_Exercise brief_
What is needed here is a word-for-word copy of all the entries below.

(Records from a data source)
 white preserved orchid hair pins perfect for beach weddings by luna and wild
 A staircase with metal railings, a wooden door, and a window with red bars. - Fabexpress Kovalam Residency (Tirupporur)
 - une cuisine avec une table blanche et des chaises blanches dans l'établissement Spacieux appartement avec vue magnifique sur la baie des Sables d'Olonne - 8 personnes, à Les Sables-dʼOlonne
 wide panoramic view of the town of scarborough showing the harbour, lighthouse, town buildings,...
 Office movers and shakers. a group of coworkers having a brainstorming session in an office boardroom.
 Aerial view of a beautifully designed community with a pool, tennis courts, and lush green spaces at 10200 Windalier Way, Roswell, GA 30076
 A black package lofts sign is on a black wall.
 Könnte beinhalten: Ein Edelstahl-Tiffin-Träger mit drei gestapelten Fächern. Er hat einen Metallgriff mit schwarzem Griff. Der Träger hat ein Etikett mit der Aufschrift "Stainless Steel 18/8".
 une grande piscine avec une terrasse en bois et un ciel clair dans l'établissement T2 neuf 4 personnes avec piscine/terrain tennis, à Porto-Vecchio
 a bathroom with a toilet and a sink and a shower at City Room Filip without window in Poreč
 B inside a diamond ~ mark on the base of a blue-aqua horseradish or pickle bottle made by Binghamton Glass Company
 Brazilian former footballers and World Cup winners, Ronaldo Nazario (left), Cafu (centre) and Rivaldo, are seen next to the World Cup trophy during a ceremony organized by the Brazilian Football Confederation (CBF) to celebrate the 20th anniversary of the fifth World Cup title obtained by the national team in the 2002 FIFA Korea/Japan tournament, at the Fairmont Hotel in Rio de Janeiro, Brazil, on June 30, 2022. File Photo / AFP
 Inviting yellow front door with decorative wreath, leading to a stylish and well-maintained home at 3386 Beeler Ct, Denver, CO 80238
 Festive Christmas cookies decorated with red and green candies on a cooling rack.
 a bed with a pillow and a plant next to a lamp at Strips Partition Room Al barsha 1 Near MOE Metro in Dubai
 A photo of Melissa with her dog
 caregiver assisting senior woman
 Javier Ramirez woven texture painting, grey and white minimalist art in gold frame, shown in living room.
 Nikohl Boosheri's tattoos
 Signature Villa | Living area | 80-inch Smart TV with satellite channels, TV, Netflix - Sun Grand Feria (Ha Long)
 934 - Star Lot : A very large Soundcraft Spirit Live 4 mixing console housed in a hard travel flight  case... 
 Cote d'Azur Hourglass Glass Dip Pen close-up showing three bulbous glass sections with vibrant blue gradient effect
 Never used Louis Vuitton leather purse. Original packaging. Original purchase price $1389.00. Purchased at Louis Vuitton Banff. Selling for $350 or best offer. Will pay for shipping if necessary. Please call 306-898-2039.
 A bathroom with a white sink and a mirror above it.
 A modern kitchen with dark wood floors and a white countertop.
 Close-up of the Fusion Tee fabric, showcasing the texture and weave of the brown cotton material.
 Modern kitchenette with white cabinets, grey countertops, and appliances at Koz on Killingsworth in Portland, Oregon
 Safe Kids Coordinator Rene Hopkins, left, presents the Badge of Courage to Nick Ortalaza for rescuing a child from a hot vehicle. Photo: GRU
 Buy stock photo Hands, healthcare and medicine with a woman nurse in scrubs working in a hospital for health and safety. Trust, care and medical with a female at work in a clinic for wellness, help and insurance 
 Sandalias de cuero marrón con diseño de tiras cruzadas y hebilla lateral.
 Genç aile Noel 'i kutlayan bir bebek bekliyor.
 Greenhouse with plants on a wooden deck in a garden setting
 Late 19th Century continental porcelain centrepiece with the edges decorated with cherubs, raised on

_The completed task_
 white preserved orchid hair pins perfect for beach weddings by luna and wild
 A staircase with metal railings, a wooden door, and a window with red bars. - Fabexpress Kovalam Residency (Tirupporur)
 - une cuisine avec une table blanche et des chaises blanches dans l'établissement Spacieux appartement avec vue magnifique sur la baie des Sables d'Olonne - 8 personnes, à Les Sables-dʼOlonne
 wide panoramic view of the town of scarborough showing the harbour, lighthouse, town buildings,...
 Office movers and shakers. a group of coworkers having a brainstorming session in an office boardroom.
 Aerial view of a beautifully designed community with a pool, tennis courts, and lush green spaces at 10200 Windalier Way, Roswell, GA 30076
 A black package lofts sign is on a black wall.
 Könnte beinhalten: Ein Edelstahl-Tiffin-Träger mit drei gestapelten Fächern. Er hat einen Metallgriff mit schwarzem Griff. Der Träger hat ein Etikett mit der Aufschrift "Stainless Steel 18/8".
 une grande piscine avec une terrasse en bois et un ciel clair dans l'établissement T2 neuf 4 personnes avec piscine/terrain tennis, à Porto-Vecchio
 a bathroom with a toilet and a sink and a shower at City Room Filip without window in Poreč
 B inside a diamond ~ mark on the base of a blue-aqua horseradish or pickle bottle made by Binghamton Glass Company
 Brazilian former footballers and World Cup winners, Ronaldo Nazario (left), Cafu (centre) and Rivaldo, are seen next to the World Cup trophy during a ceremony organized by the Brazilian Football Confederation (CBF) to celebrate the 20th anniversary of the fifth World Cup title obtained by the national team in the 2002 FIFA Korea/Japan tournament, at the Fairmont Hotel in Rio de Janeiro, Brazil, on June 30, 2022. File Photo / AFP
 Inviting yellow front door with decorative wreath, leading to a stylish and well-maintained home at 3386 Beeler Ct, Denver, CO 80238
 Festive Christmas cookies decorated with red and green candies on a cooling rack.
 a bed with a pillow and a plant next to a lamp at Strips Partition Room Al barsha 1 Near MOE Metro in Dubai
 A photo of Melissa with her dog
 caregiver assisting senior woman
 Javier Ramirez woven texture painting, grey and white minimalist art in gold frame, shown in living room.
 Nikohl Boosheri's tattoos
 Signature Villa | Living area | 80-inch Smart TV with satellite channels, TV, Netflix - Sun Grand Feria (Ha Long)
 934 - Star Lot : A very large Soundcraft Spirit Live 4 mixing console housed in a hard travel flight  case... 
 Cote d'Azur Hourglass Glass Dip Pen close-up showing three bulbous glass sections with vibrant blue gradient effect
 Never used Louis Vuitton leather purse. Original packaging. Original purchase price $1389.00. Purchased at Louis Vuitton Banff. Selling for $350 or best offer. Will pay for shipping if necessary. Please call 306-898-2039.
 A bathroom with a white sink and a mirror above it.
 A modern kitchen with dark wood floors and a white countertop.
 Close-up of the Fusion Tee fabric, showcasing the texture and weave of the brown cotton material.
 Modern kitchenette with white cabinets, grey countertops, and appliances at Koz on Killingsworth in Portland, Oregon
 Safe Kids Coordinator Rene Hopkins, left, presents the Badge of Courage to Nick Ortalaza for rescuing a child from a hot vehicle. Photo: GRU
 Buy stock photo Hands, healthcare and medicine with a woman nurse in scrubs working in a hospital for health and safety. Trust, care and medical with a female at work in a clinic for wellness, help and insurance 
 Sandalias de cuero marrón con diseño de tiras cruzadas y hebilla lateral.
 Genç aile Noel 'i kutlayan bir bebek bekliyor.
 Greenhouse with plants on a wooden deck in a garden setting
 Late 19th Century continental porcelain centrepiece with the edges decorated with cherubs, raised on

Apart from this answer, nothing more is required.